Here's my line of thinking:
In April 2003 we began an epic odyssey that would prove to be very rewarding in more ways than one. With the help of Ben Stafford, we made a commitment to move our bicycle shop from over two miles off the freeway, burried on the west end of Beaumont, to on the freeway.
One thing that we did was gut an old restaurant and convert it to a retail space. We had a great contractor who knew all the ropes, but that didn't prevent us from getting literally shut down, twice, by City Inspectors weilding guns and handcuffs! The City of Beaumont has extremely high standards, amont the highest in the country, for business to comply with when any construction is done. I will refrain from any further commentary, but I will point out that the City of Beaumont projects negative population growth in the next five years!

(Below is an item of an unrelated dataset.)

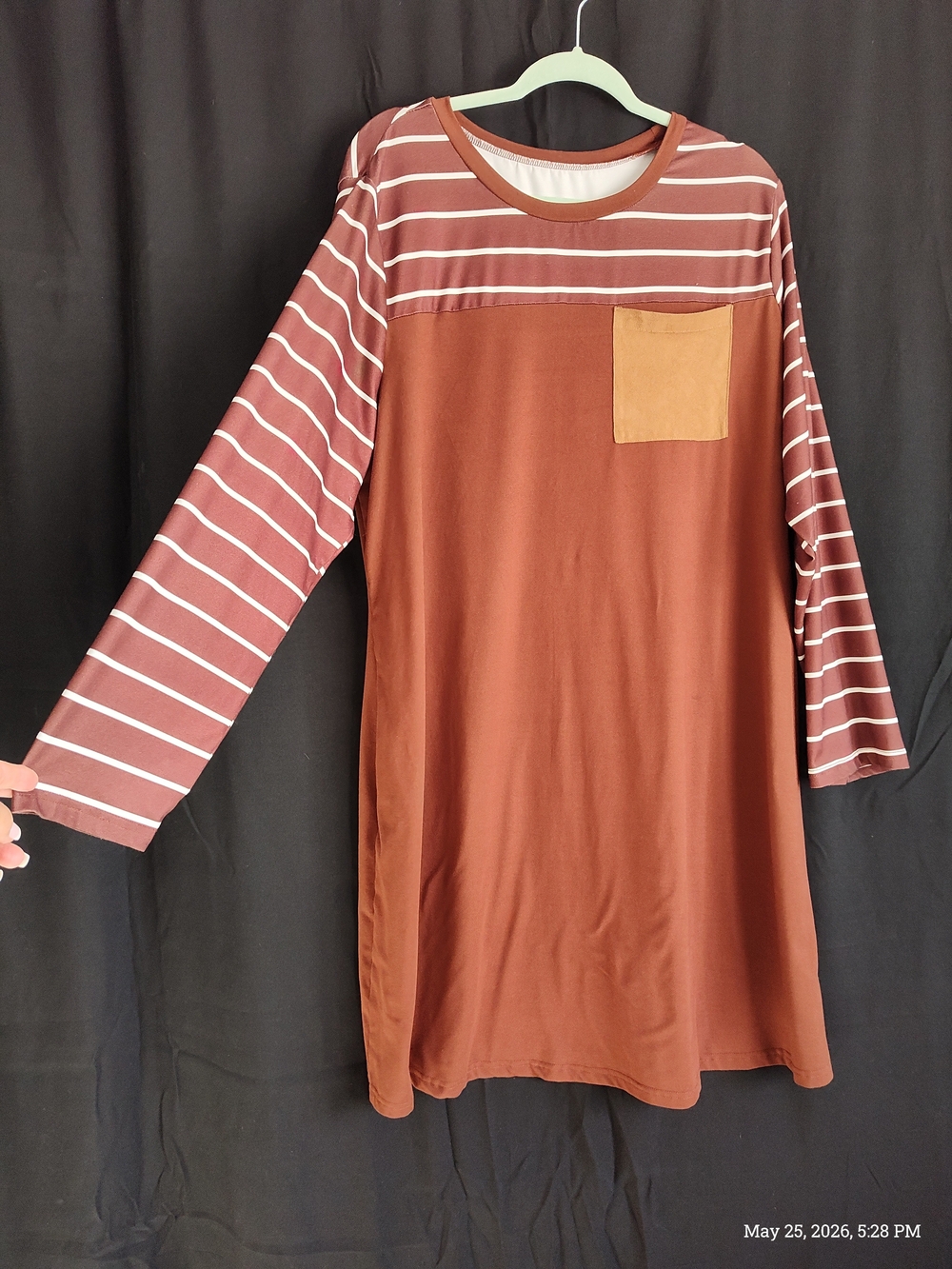 Striped Yoke Long Sleeve Shift Dress with Contrasting Pocket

Again, the City of Beaumont has adopted these very high standards for business to comply with, but they seem to have exempted themselves from other high standards that would improve the life of every citizen who lives and works here.

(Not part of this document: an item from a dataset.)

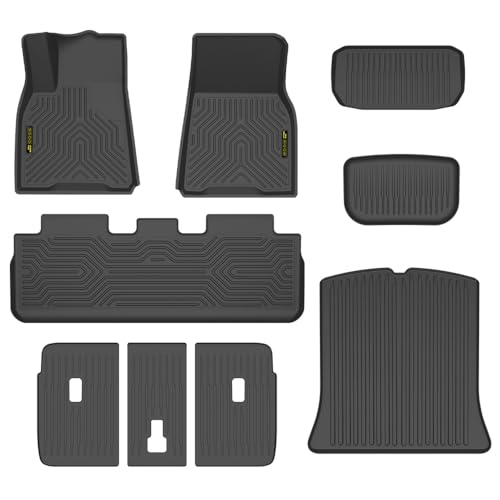 PIT66 Floor Mats Cargo Liners 9PCS Compatible with Tesla Model Y 2020-2024 5 SEAT (NOT for 7 SEAT) Premium All Weather Automotive TPE Liners Accessories Fit Tesla Model Y 2020-2024 5 SEAT |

The city is Zoned, so there is clearly a shopping district and a residential district. But, there is no clear path connecting the two for any means of transportation but automobile or truck.
It seems a responsibility, not an option, that if the city can mandate what private citicens can do what with their land that the governors of that land would provide safe alternative routes for people to travel who want to do so in a healthy environmentally responsible way.
I will skip the topic of roadway repair. . . and offer this simple explanation in the City's defense- WE LIVE ON A MUD FLAT. It's nearly impossible to build a stable road on unstable soil.
At one time traffic lights on major arteries were co-ordinated. In theory, you could begin at one end of town, drive cross town and never have to stop. This saved precious gas, time, frustration and wear and tear on the citizens cars and most importantly, reduced emissions and it did. We need that again.
Another thing that the City has appearently overlooked is the bicycle as a mode of transportation. Again as I drove on Lucas and saw how wide the road is, I thought how simple it would be to make the middle 12-18" narrower, and make the outside lane narrower by the same amount with a stripe and designate a cycling path. A few signs:
Share the Road
Watch for Bicycles
Yeild to Bicycles
Would make for a nice reminder to motorists to be courteous.